About Me

Yoga changed my Life and it's just too good a thing to keep to myself! I have been practicing yoga since 1995 and am a certified yoga instructor. I teach a combination of classical Hatha, Ashtanga and Vinyasa Flow. My teaching style is safe, compassionate and challenging at the same time. I teach at a number of studios, and also offer private and group lessons!

In addition to my schedule, I post other writings here, about yoga and Life in general. For private or group lessons, contact me at: workofheartyoga@gmail.com .

Thursday, March 6, 2008

April and the magic beads

Last week was a particularly strange one for me. One day was completely wonderful, and the next I felt just awful. It was a roller coaster of nervous energy and self-doubt, and no matter how I tried to breathe through it all, it was hard to hang on for the ride. I realized, however, that the turbulence came from the difference between my expectations and my actual experiences. And here’s what I mean:

I had been looking forward to attending a particular yoga class. I’ve been courting the idea of taking another teacher training, and have been taking classes with teachers I think I would like to learn more from. So not only was I looking forward to taking a class, I was hoping to find some sign that this instructor could really be “my teacher.”

Instead, when I got to class, I found that it was her birthday, and she was splitting the class into three half-hours of different activities that involved body movement.

It was different, it was new, and I was thrown.

I had expected a yoga class. I tried to calm myself thinking, “Come on, April. Calm down, and just be open to something new. Maybe this is what you need – to learn to be flexible and playful and in the moment.” So on the class went.

We twirled toys, danced wildly, and made noises not commonly heard in a yoga class. I found myself jiggling and hopping around, and did feel a little bit like a kid. We ended with a series of salutations in a circle spreading out like a wheel that felt very unifying. But then as we began our Savasana, the instructor mentioned she had brought a prayer bead on a necklace for everyone and that as we were lulled by the musicians singing kirtan, she would go around and hand them out.

I could feel my heart beating faster, and felt my jaw unable to relax. I was suddenly anxious.

The school child in me kept praying, “Pick me! Pick me!” And I became overwhelmingly desirous of the special bead, from this special instructor, who I hoped would be “my teacher.” As I realized how much I wanted the bead, I felt very sad. Savasana seemed to last FOREVER, and I could feel its weight on my chest. I actually began to cry silently, hoping my tears would blend with the beads of sweat running down my face. I was embarrassed by my emotion.

Time ticked itself away in the rhythms of the kirtan, and vibrated through my skull. I lay there, beadless.

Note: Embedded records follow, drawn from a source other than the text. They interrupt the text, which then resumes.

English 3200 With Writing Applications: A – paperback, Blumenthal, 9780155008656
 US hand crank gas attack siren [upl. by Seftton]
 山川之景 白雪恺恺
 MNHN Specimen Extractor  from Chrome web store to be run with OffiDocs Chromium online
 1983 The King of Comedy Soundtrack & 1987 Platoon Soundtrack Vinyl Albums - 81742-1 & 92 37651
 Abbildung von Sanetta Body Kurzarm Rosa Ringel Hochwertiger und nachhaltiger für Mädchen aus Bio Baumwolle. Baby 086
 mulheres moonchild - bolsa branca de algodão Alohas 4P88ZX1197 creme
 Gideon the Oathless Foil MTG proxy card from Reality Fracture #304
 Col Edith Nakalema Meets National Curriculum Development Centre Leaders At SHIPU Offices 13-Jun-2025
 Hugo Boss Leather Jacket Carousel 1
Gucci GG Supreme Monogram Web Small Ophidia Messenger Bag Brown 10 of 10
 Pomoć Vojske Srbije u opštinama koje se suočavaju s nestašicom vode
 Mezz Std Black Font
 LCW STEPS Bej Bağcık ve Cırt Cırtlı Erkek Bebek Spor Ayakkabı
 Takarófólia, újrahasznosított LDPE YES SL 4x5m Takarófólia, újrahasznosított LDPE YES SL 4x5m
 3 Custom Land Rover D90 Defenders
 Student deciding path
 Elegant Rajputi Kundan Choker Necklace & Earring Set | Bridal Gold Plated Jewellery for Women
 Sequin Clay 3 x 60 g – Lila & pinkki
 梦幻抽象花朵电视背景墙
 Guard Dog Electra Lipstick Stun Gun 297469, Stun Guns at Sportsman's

I felt motion around me. Then I realized everyone was getting up and the class was over. I looked around, watching people hug and tie their necklaces around themselves. I think I was one of a few people that did not get one, although the instructor still had some in her hand as she said goodbye to those students familiar to her.

I don’t think I didn’t get a bead because she did not know me, or for any particular reason. Who knows, maybe she didn’t want to disturb my meditation.

All I do know is that I did not feel comfortable asking her for a bead. So I went to my car and cried like a baby, feeling absolutely juvenile. It occurred to me, “maybe she is not ‘my teacher.’”

I’m not sure if I was so saddened because I wanted her to be my teacher, or because I did not feel comfortable asking for what I wanted. And what was it that I wanted, specifically? To find my teacher? To be chosen? To feel special?

Well, that day ended. And the next began.

I took a wonderful yoga class from another teacher, whom I adore and feel very much mentored by, and actually had a wonderful conversation with her about my “bead” experience. Talking to her about it made me feel absolutely lighter. I revealed that she might be my teacher, even if she’s not so sure herself…

I then left to teach my class at the YMCA which was packed, and just filled with people that had such great, positive, and electrifying energy. I had so much fun teaching, and felt just full of happiness as I left.

When I made it to dinner with my husband and my Abba (one of my fathers-in-law) I was so excited to tell them about it. But before I could begin, my Abba pulled out a small, plain box, and said he found something at a store that he thought I would like and seemed to suit me. “How sweet! An unexpected little gift,” I blabbed.

I opened the box to find an entire necklace of Mala beads.

I kid you not, the full Hindu rosary of 108 prayer beads was staring up at me from its humble little package. He had no idea just how special this gift was to me…

I guess what I took from this is that although we think we want certain things, the things we need often come at a time or place or from a person we least expect.

So, my question to you, my faithful readers, is this: What lesson do you think the universe was trying to send me? Post your comments if you feel so moved...

Peace, and I wish you all wonderful things in unexpected moments!